Ci sarebbe da chiederci quale sia la differenza tra la gente di Cafarnao e la nostra ricerca del Signore: cerchiamo aiuto, conforto, protezione... "che tutto vada bene"... e se il pane e i pesci ci interessano poco è perché ne abbiamo in abbondanza tanto da sprecarne, cerchiamo la salute, la pace (intesa come tranquillità personale), il benessere. Ecco anche noi cerchiamo il Signore con una visione utilitaristica della relazione.

Su di lui il Padre, Dio, ha messo il suo sigillo
Gesù sposta l'attenzione su un altro piano: Datevi da fare... per il cibo che rimane per la vita eterna.

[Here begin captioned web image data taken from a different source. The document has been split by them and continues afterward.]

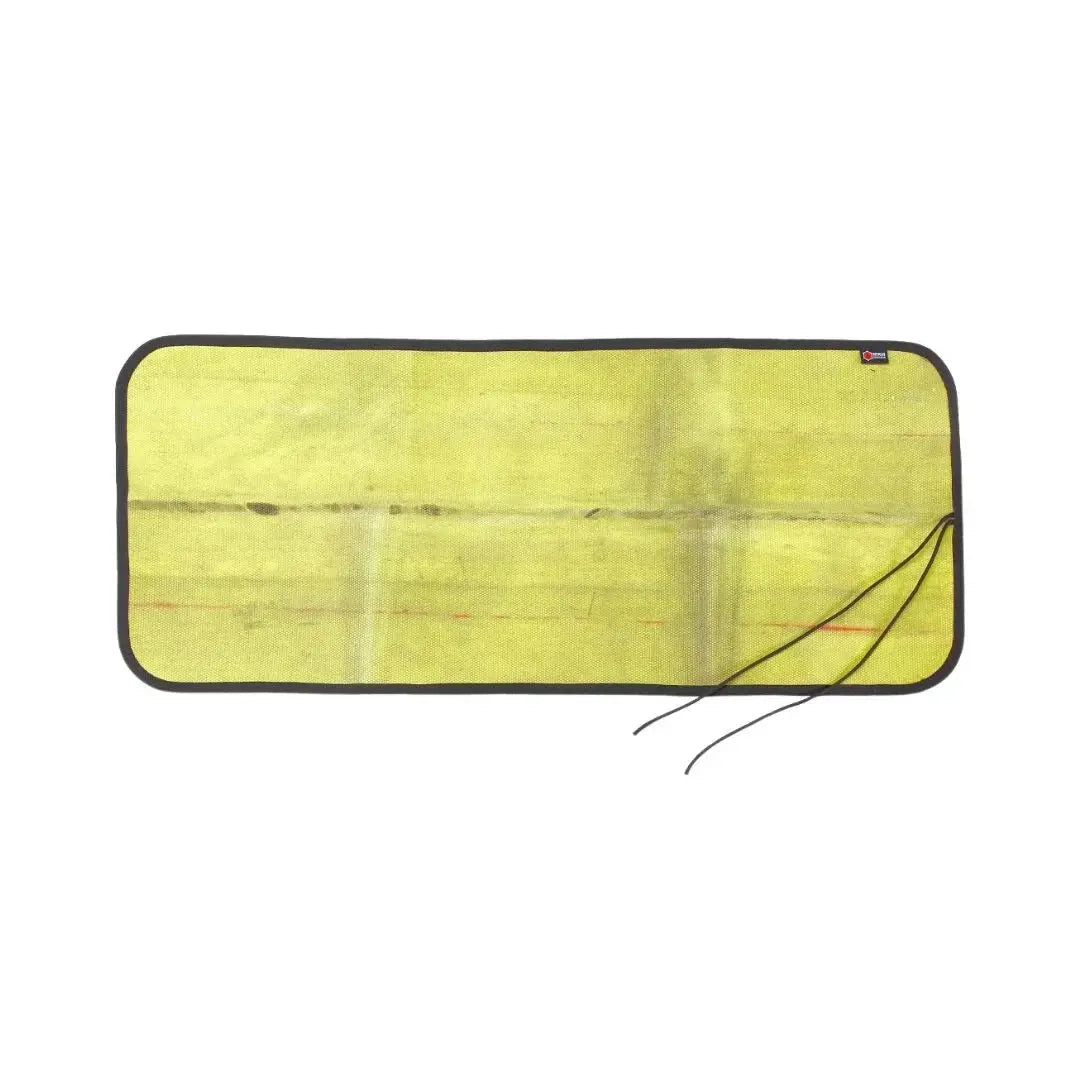 Yellow repurposed fire hose mat with black binding and paracord ties on a white background.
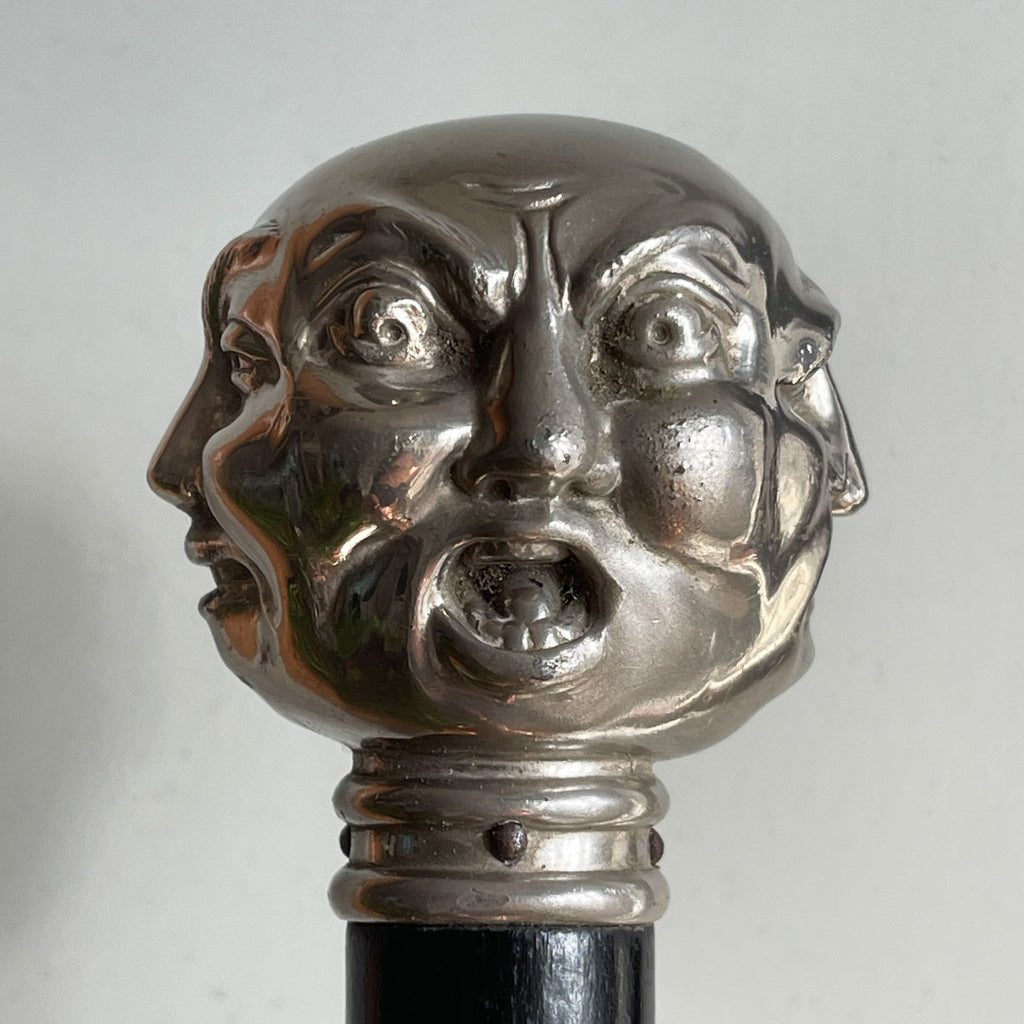 A Victorian Page Turner from around the 1870 period. A silvered head showing four characterful faces sits atop an ebonised wooden blade. The faces represent mirth, sadness, shock and anger - SHOP NOW - www.intovintage.co.uk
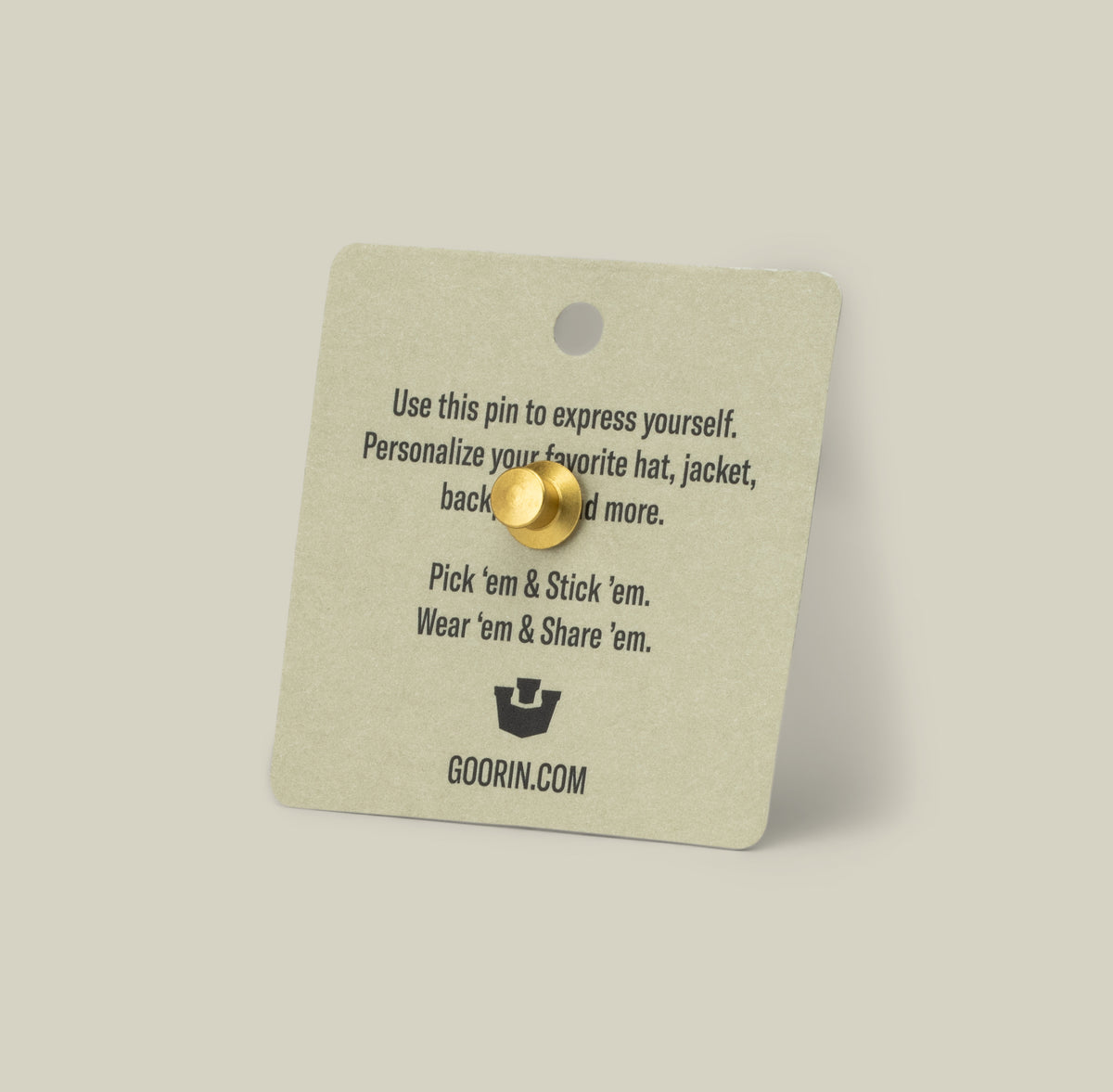 The Lone Wolf Trucker Pin by Goorin Bros. comes on a square card featuring tips for personalizing your hats or jackets and embracing your wolf energy.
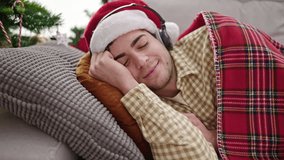 Young hispanic man sleeping on sofa by christmas tree wearing headphones at home - Powered by Shutterstock - Get 15% off with code: PIKWIZARD15
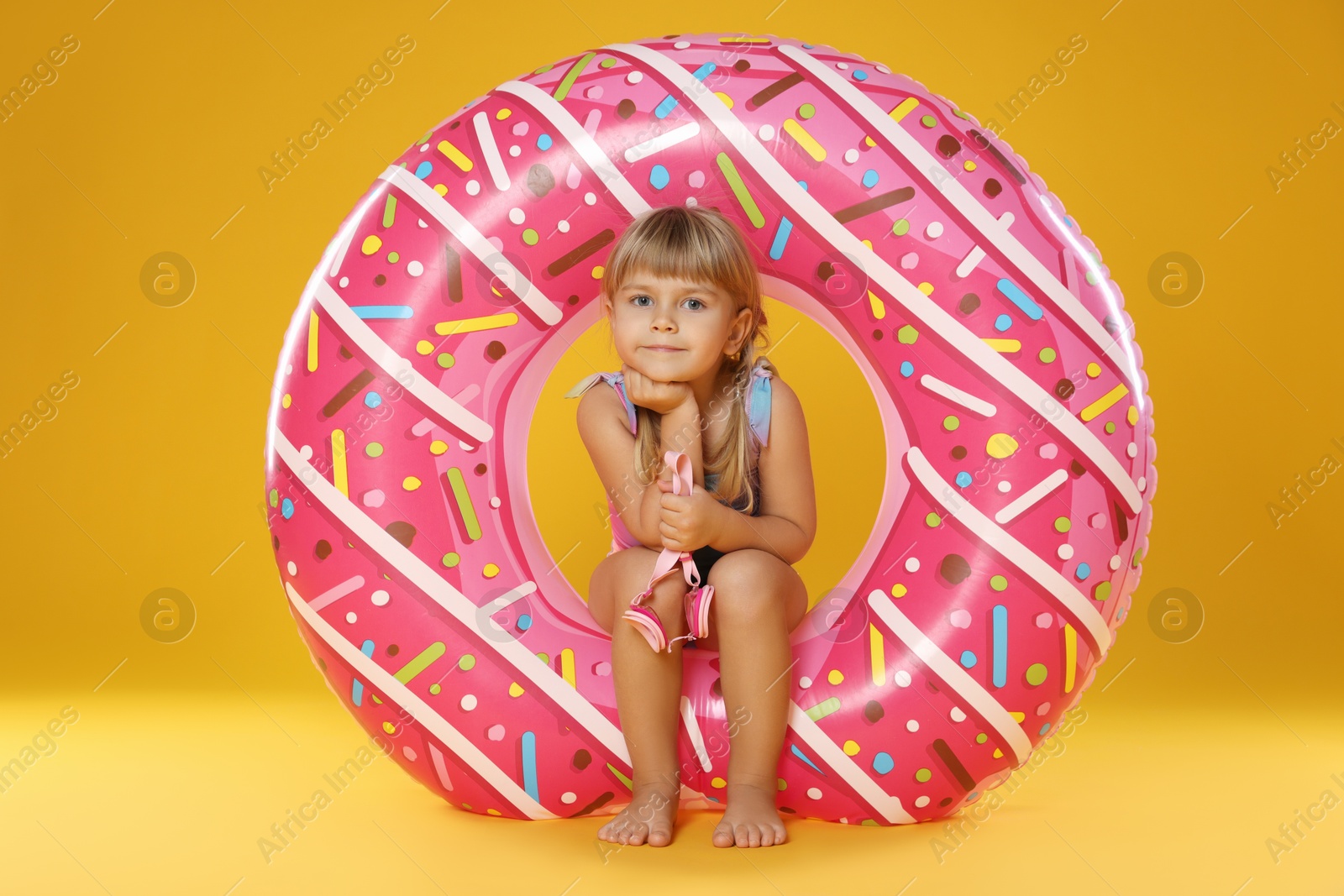 Photo of Cute little girl in swimsuit with inflatable ring and on orange background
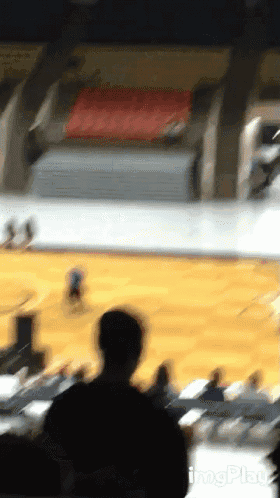a blurry picture of a basketball game with a watermark that says imgpko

Bisogna però non fraintendere, il rischio è quello di "spiritualizzare" la relazione togliendo ogni significato agli aspetti materiali della vita che rappresentano una necessità concreta da cui non possiamo prescindere. È necessario leggere il segno che il Signore ci ha offerto - insieme agli altri che il Vangelo di Giovanni ci racconta - accoglierne la verità, percepirne la forza, lasciarsi prendere e trasportare da quel segno che ha l'energia del vento che soffia dove vuole e ne senti la voce, ma non sai di dove viene e dove va (Gv 3,8). Il segno si immerge nella realtà concreta dell'uomo - dal bisogno di festa alla sazietà, dalla salute alla vita - ne assume la verità per proiettarla nell'altrove. Il segno è un indirizzo, un'indicazione, una direzione, una prospettiva, un modo di vedere e di pensare. Il segno ha bisogno di attenzione e di accantonare la meraviglia, perché educhi scelte di vita. È proprio il segno che ci permette di individuare la porta d'accesso (cfr. Gv 10,9) nella realtà nuova del Regno di Dio: è Gesù su cui il Padre, Dio, ha messo il suo sigillo. È il Figlio di Dio la fonte zampillante (cfr. Gv 4,14) della storia nuova che coniuga l'impegno nell'affrontare i problemi dell'uomo e l'Eucaristia, la relazione col mondo e il Regno dei cieli.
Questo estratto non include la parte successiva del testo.